Grâce à leur entreprise immobilière, les Grochowski ont fourni un logement à des milliers de personnes fuyant la guerre en Ukraine, mais leur action en faveur des autres va bien au-delà
Par Charlie Dunmore à Siedlce, Pologne
Âgé de 71 ans, le promoteur immobilier polonais Władysław Grochowski est un chef d’entreprise atypique. Il prend ses appels professionnels sur un téléphone à clapet rétro et s’abstient d’utiliser le courrier électronique, préférant correspondre à l’aide d’un stylo et de papier. Il s’absente régulièrement du bureau pour s’occuper de son troupeau de daims, qu’il piste à vélo à travers la campagne polonaise.
Sa philosophie des affaires s’affranchit également des conventions. Au cours des dernières années du communisme en Pologne, ce diplômé d’une école de cinéma a créé une entreprise agricole prospère à une époque où d’autres entrepreneurs se lançaient dans des industries plus modernes. Il a ensuite lancé sa société immobilière dénommée Arche au début des années 1990, en rénovant des bâtiments historiques négligés qui sont devenus les joyaux d’une chaîne hôtelière prospère.

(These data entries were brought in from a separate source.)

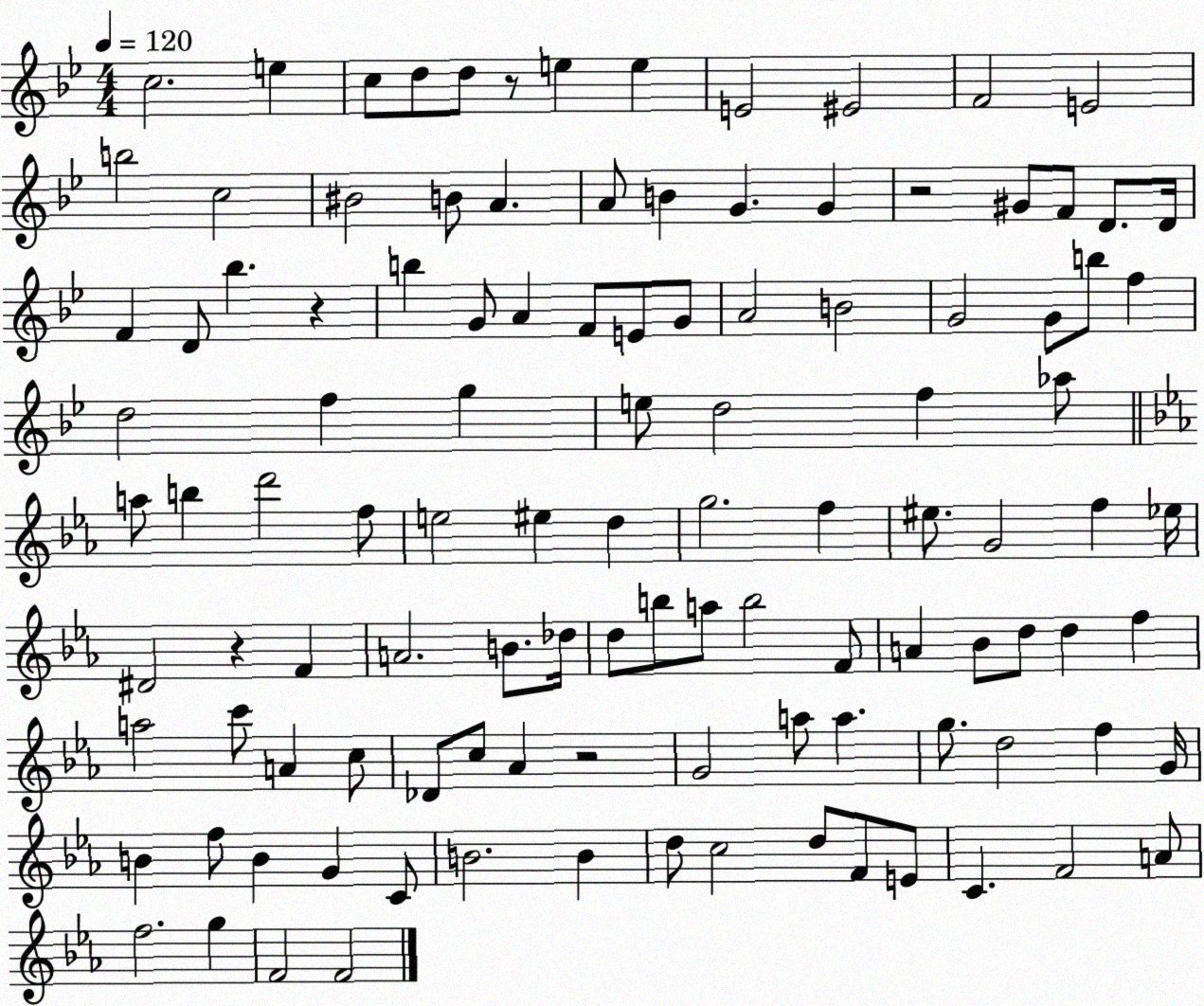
X:1
T:Untitled
M:4/4
L:1/4
K:Bb
c2 e c/2 d/2 d/2 z/2 e e E2 ^E2 F2 E2 b2 c2 ^B2 B/2 A A/2 B G G z2 ^G/2 F/2 D/2 D/4 F D/2 _b z b G/2 A F/2 E/2 G/2 A2 B2 G2 G/2 b/2 f d2 f g e/2 d2 f _a/2 a/2 b d'2 f/2 e2 ^e d g2 f ^e/2 G2 f _e/4 ^D2 z F A2 B/2 _d/4 d/2 b/2 a/2 b2 F/2 A _B/2 d/2 d f a2 c'/2 A c/2 _D/2 c/2 _A z2 G2 a/2 a g/2 d2 f G/4 B f/2 B G C/2 B2 B d/2 c2 d/2 F/2 E/2 C F2 A/2 f2 g F2 F2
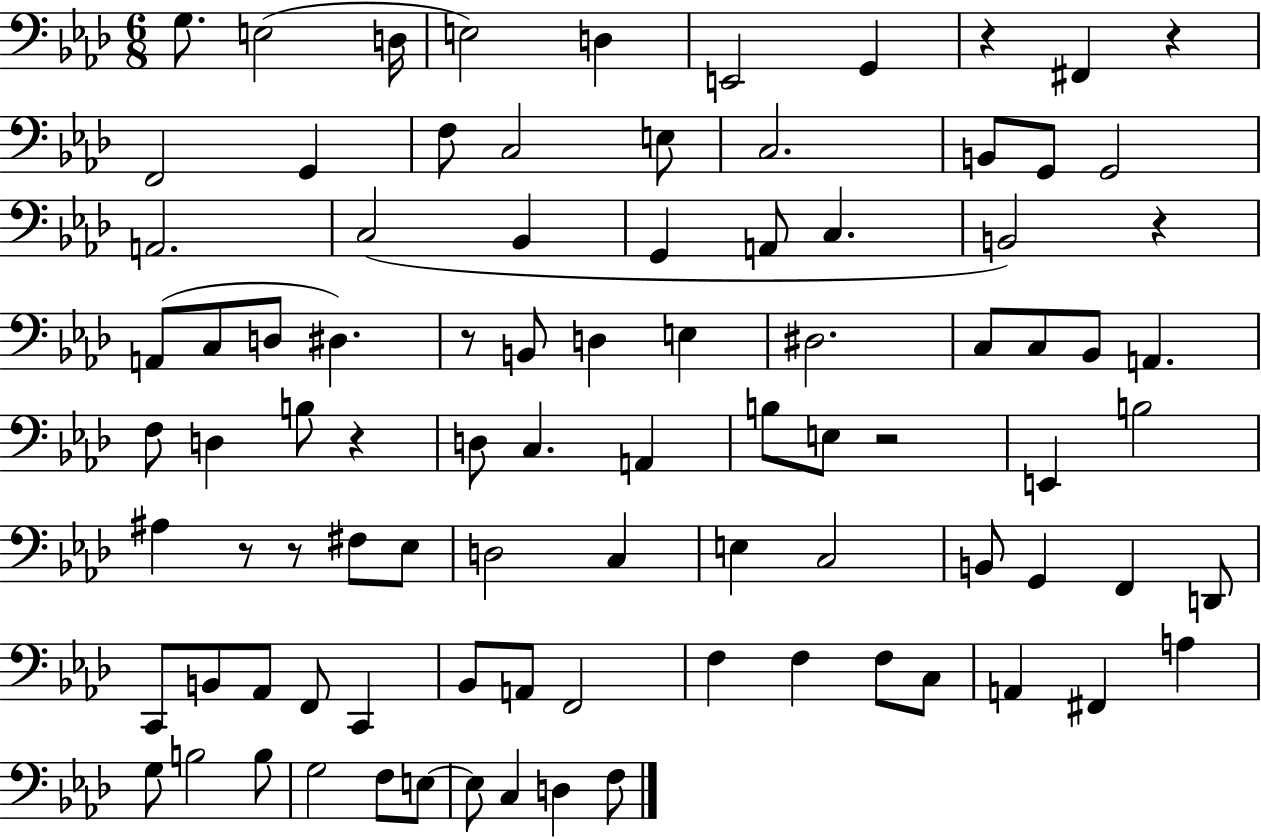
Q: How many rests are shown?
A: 8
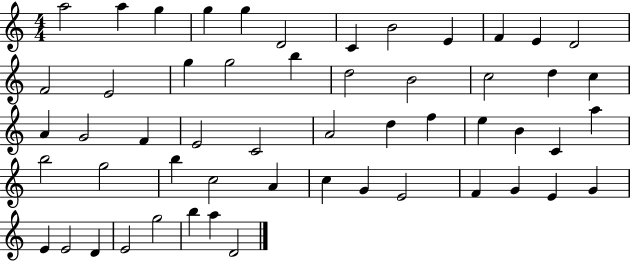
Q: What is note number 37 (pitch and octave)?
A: B5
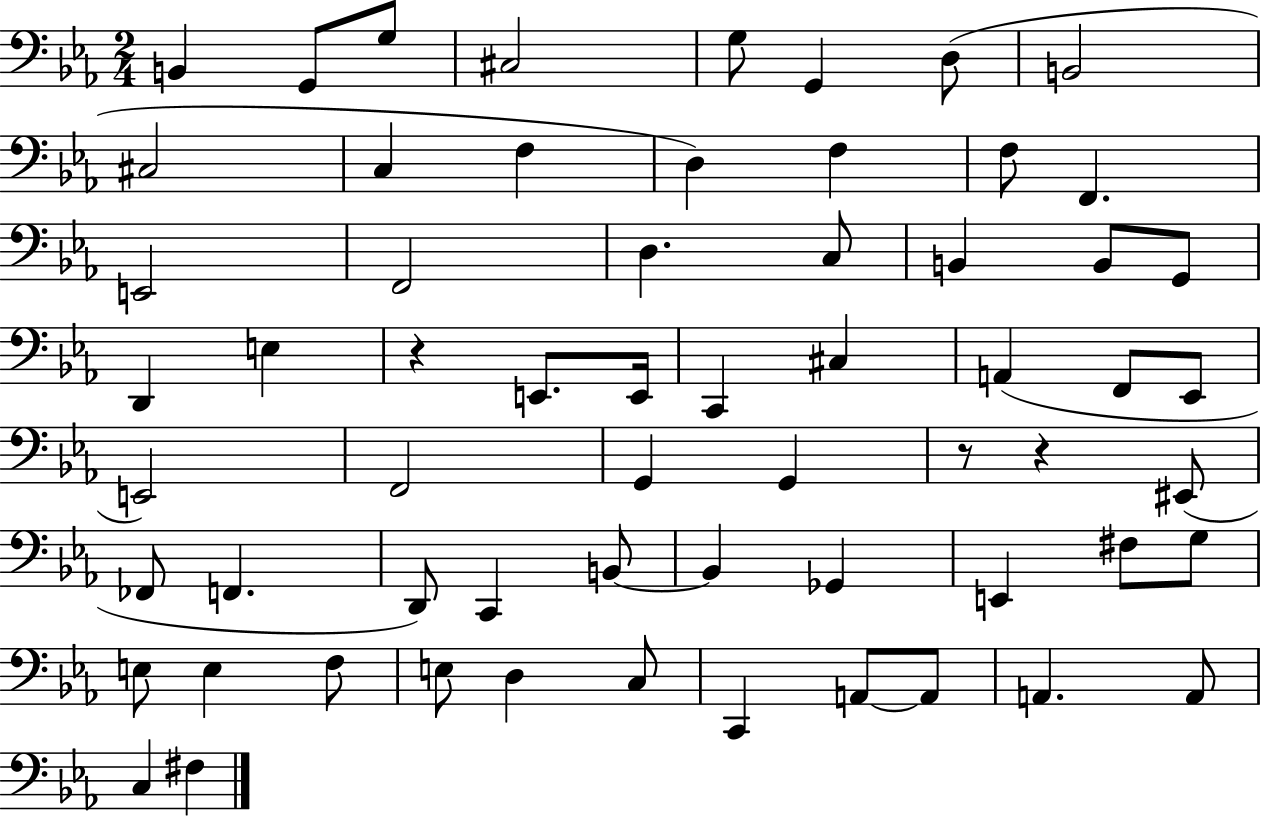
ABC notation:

X:1
T:Untitled
M:2/4
L:1/4
K:Eb
B,, G,,/2 G,/2 ^C,2 G,/2 G,, D,/2 B,,2 ^C,2 C, F, D, F, F,/2 F,, E,,2 F,,2 D, C,/2 B,, B,,/2 G,,/2 D,, E, z E,,/2 E,,/4 C,, ^C, A,, F,,/2 _E,,/2 E,,2 F,,2 G,, G,, z/2 z ^E,,/2 _F,,/2 F,, D,,/2 C,, B,,/2 B,, _G,, E,, ^F,/2 G,/2 E,/2 E, F,/2 E,/2 D, C,/2 C,, A,,/2 A,,/2 A,, A,,/2 C, ^F,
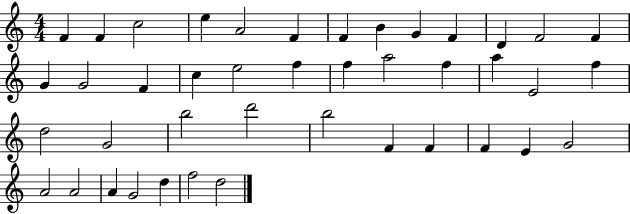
{
  \clef treble
  \numericTimeSignature
  \time 4/4
  \key c \major
  f'4 f'4 c''2 | e''4 a'2 f'4 | f'4 b'4 g'4 f'4 | d'4 f'2 f'4 | \break g'4 g'2 f'4 | c''4 e''2 f''4 | f''4 a''2 f''4 | a''4 e'2 f''4 | \break d''2 g'2 | b''2 d'''2 | b''2 f'4 f'4 | f'4 e'4 g'2 | \break a'2 a'2 | a'4 g'2 d''4 | f''2 d''2 | \bar "|."
}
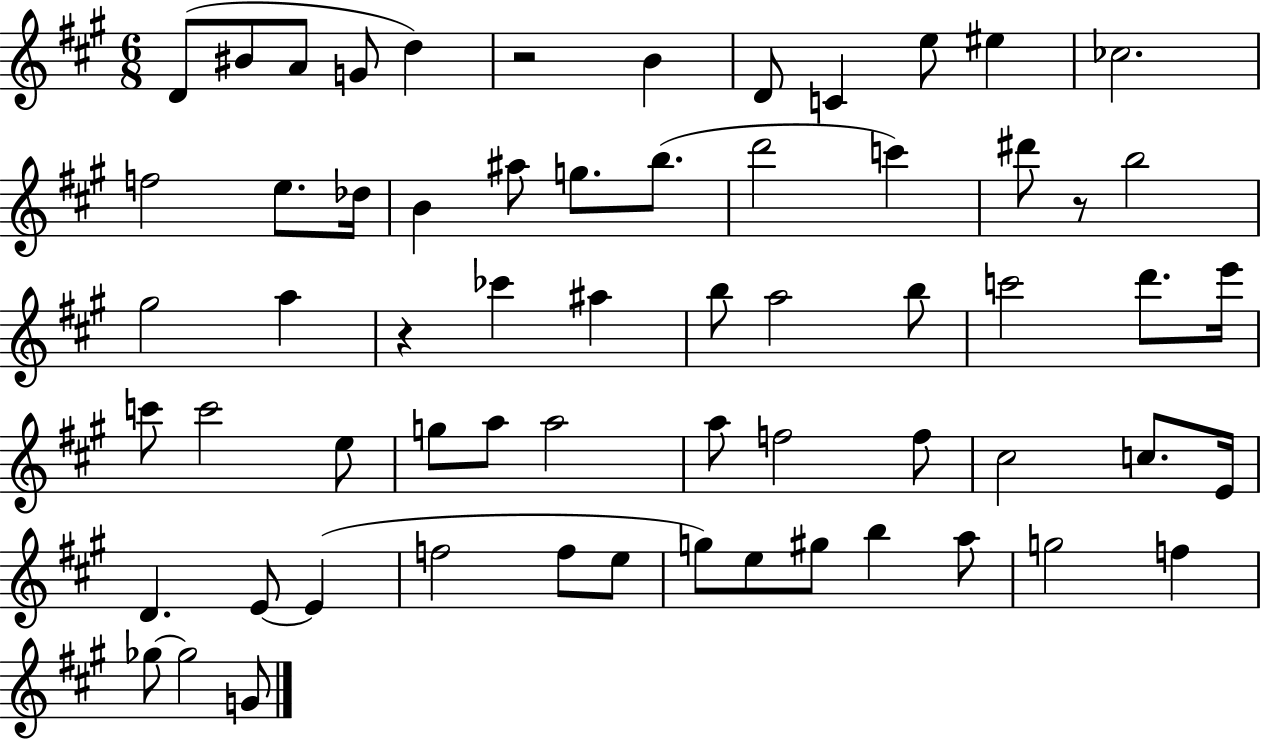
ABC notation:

X:1
T:Untitled
M:6/8
L:1/4
K:A
D/2 ^B/2 A/2 G/2 d z2 B D/2 C e/2 ^e _c2 f2 e/2 _d/4 B ^a/2 g/2 b/2 d'2 c' ^d'/2 z/2 b2 ^g2 a z _c' ^a b/2 a2 b/2 c'2 d'/2 e'/4 c'/2 c'2 e/2 g/2 a/2 a2 a/2 f2 f/2 ^c2 c/2 E/4 D E/2 E f2 f/2 e/2 g/2 e/2 ^g/2 b a/2 g2 f _g/2 _g2 G/2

« Dans les affaires, l’argent est pour moi un élément tout à fait secondaire. Je n’ai jamais vu de business plan », confie Władysław, les yeux pétillants au-dessus de sa moustache blanche comme neige, que l’on voit souvent sur les panneaux publicitaires de sa ville natale de Siedlce. « Gagner de l’argent ne m’a jamais intéressé. J’ai toujours voulu être utile ou m’impliquer quelque part. Je me laisse guider par mes émotions. »
Rien d’étonnant donc au fait que, lorsque lui et son épouse Lena, une artiste, créent la Fondation Lena Grochowska en 2014 pour mener à bien leur action humanitaire, celle-ci ait également évolué vers un projet hors du commun.
La fondation a commencé par aider les descendants rapatriés des Polonais exilés en Asie centrale sous le communisme, avant de s’étendre à d’autres personnes, notamment les personnes handicapées, les sans-abris et les anciens prisonniers. Soutenue par l’entreprise immobilière des Grochowski, la fondation a notamment fourni des logements dans des bâtiments appartenant au groupe Arche, le plus grand opérateur hôtelier privé de Pologne et l’un de ses plus grands promoteurs immobiliers.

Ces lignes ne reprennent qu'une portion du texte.